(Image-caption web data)
*-*-*
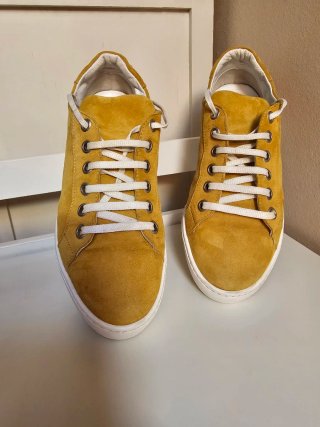 Zapatillas Clarks,mostaza y Blancas.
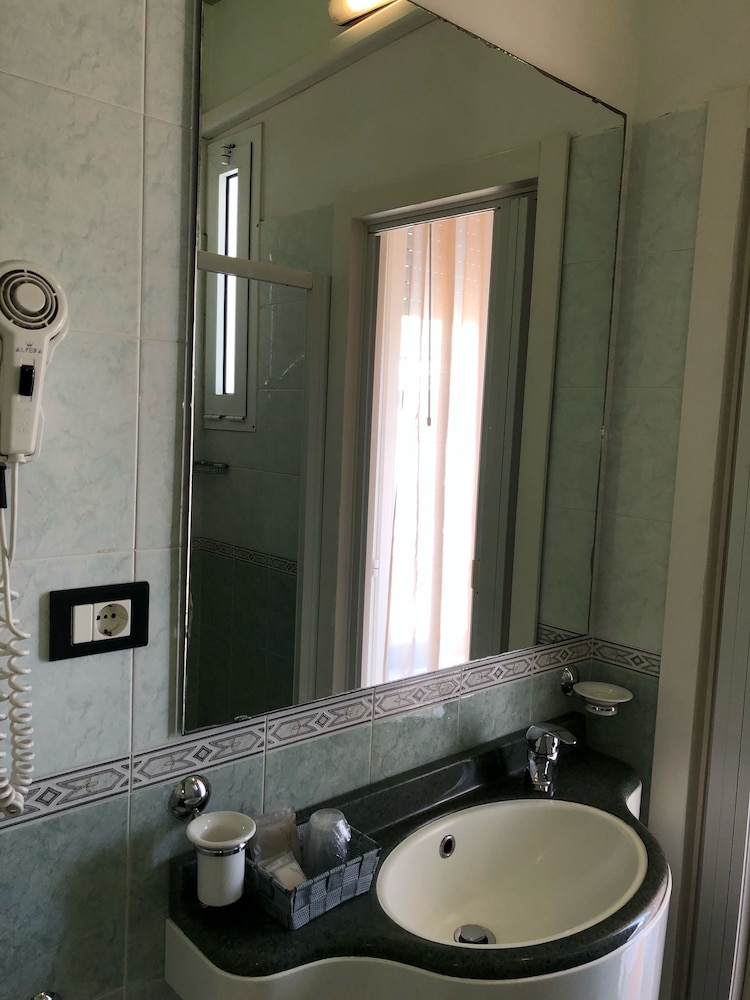Basic Triple Room photo 3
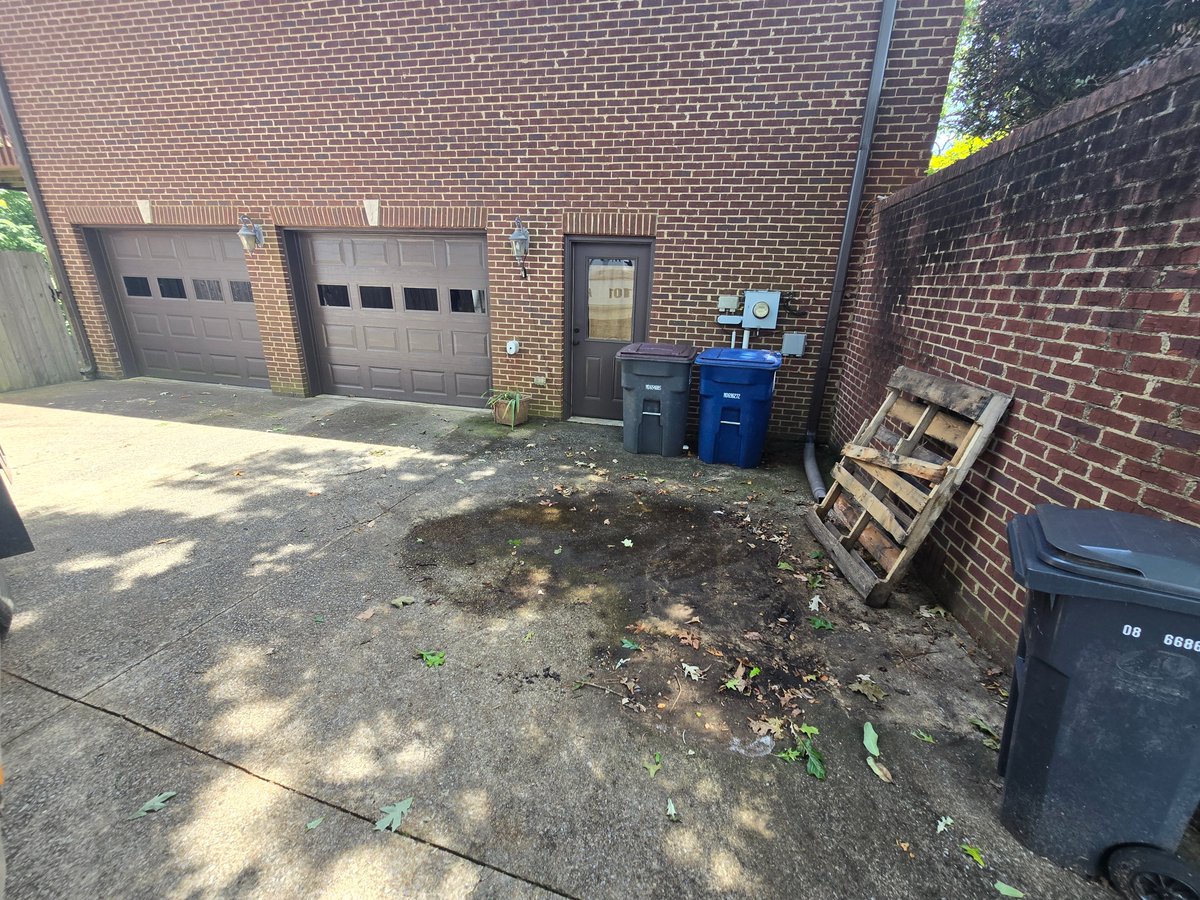 HaulSquad's tweet photo. Bagster: "I hold 3 cubic yards."
Amazon Prime: "Lol."
Haul Squad: deploys truck lift
📞 205-828-JUNK | https://t.co/35jasUFEJm https://t.co/Rbt1VwAy6C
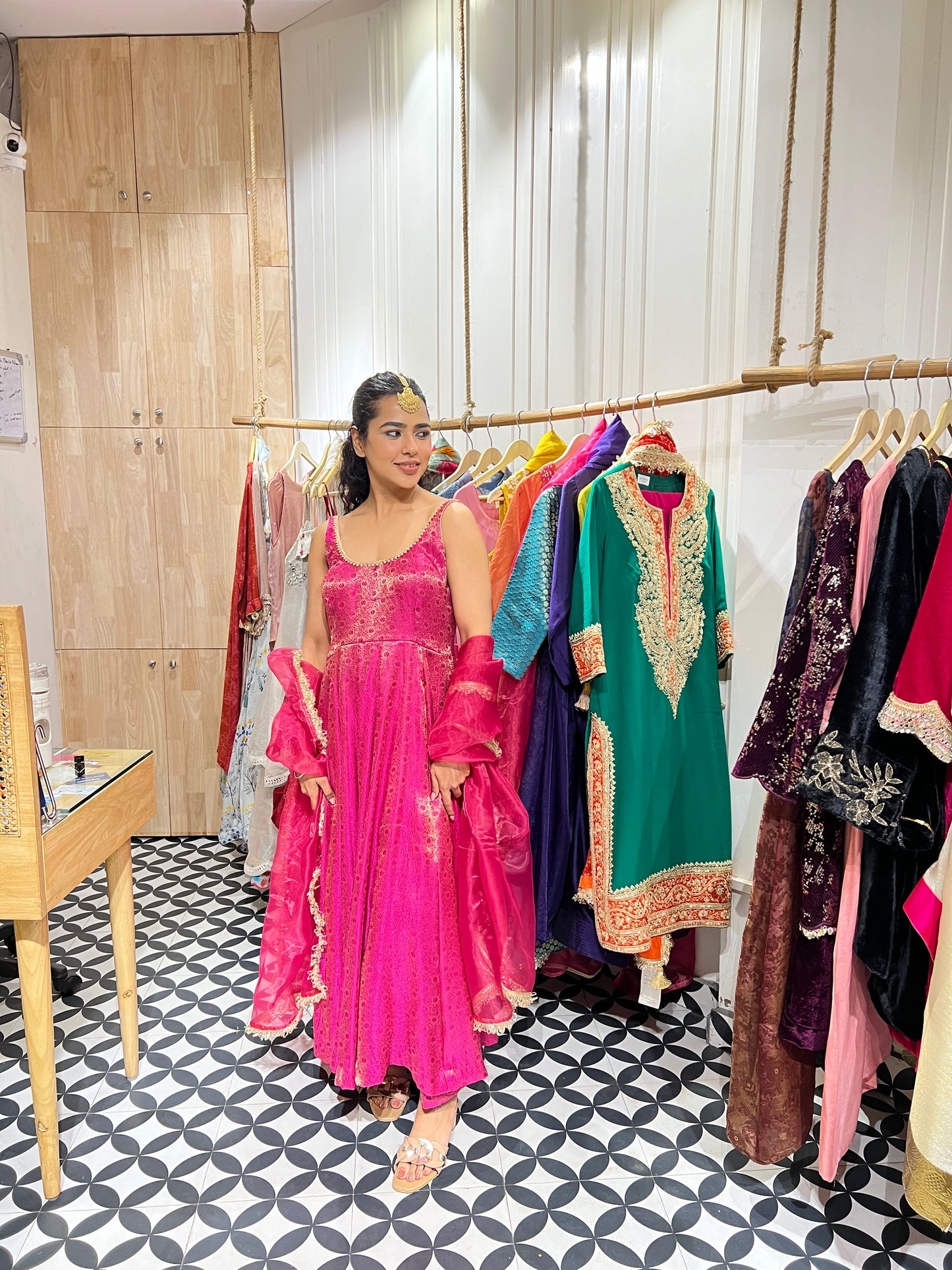 THE ARADHYA suit set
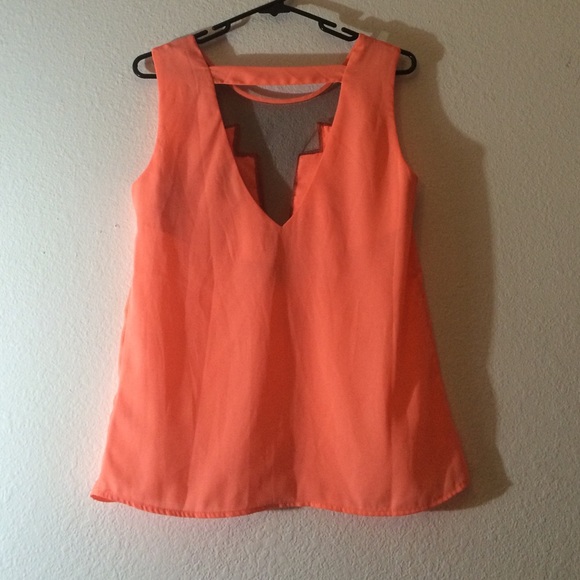 Blouse - Picture 2 of 3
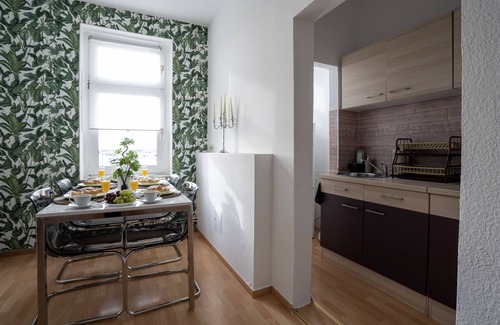 Zentrum-Sued Apartment | 5-zi-boho: 2 Schlafzimmer, 7 Gäste, Arbeitsbereich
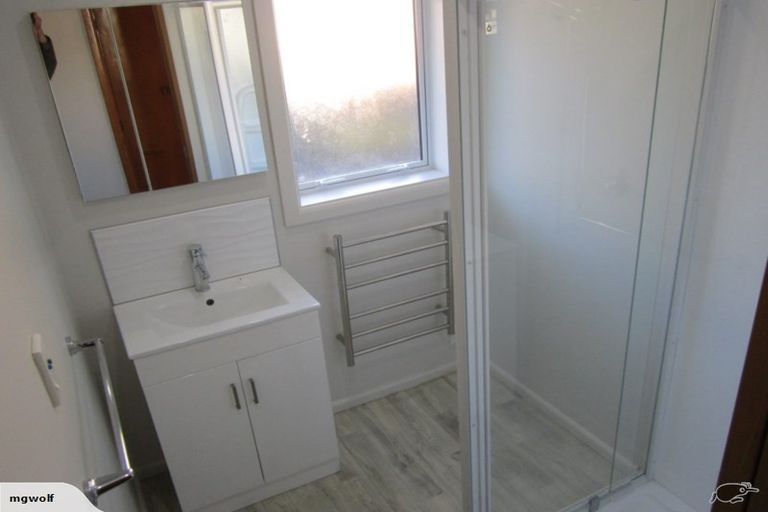 Photo of property in 1/5 Milnebank Street, Upper Riccarton, Christchurch, 8041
*-*-*
## Task item
Each entry must be retyped word for word, with every image omitted.

## Output
 Zapatillas Clarks,mostaza y Blancas.
Basic Triple Room photo 3
 HaulSquad's tweet photo. Bagster: "I hold 3 cubic yards."
Amazon Prime: "Lol."
Haul Squad: deploys truck lift
📞 205-828-JUNK | https://t.co/35jasUFEJm https://t.co/Rbt1VwAy6C
 THE ARADHYA suit set
 Blouse - Picture 2 of 3
 Zentrum-Sued Apartment | 5-zi-boho: 2 Schlafzimmer, 7 Gäste, Arbeitsbereich
 Photo of property in 1/5 Milnebank Street, Upper Riccarton, Christchurch, 8041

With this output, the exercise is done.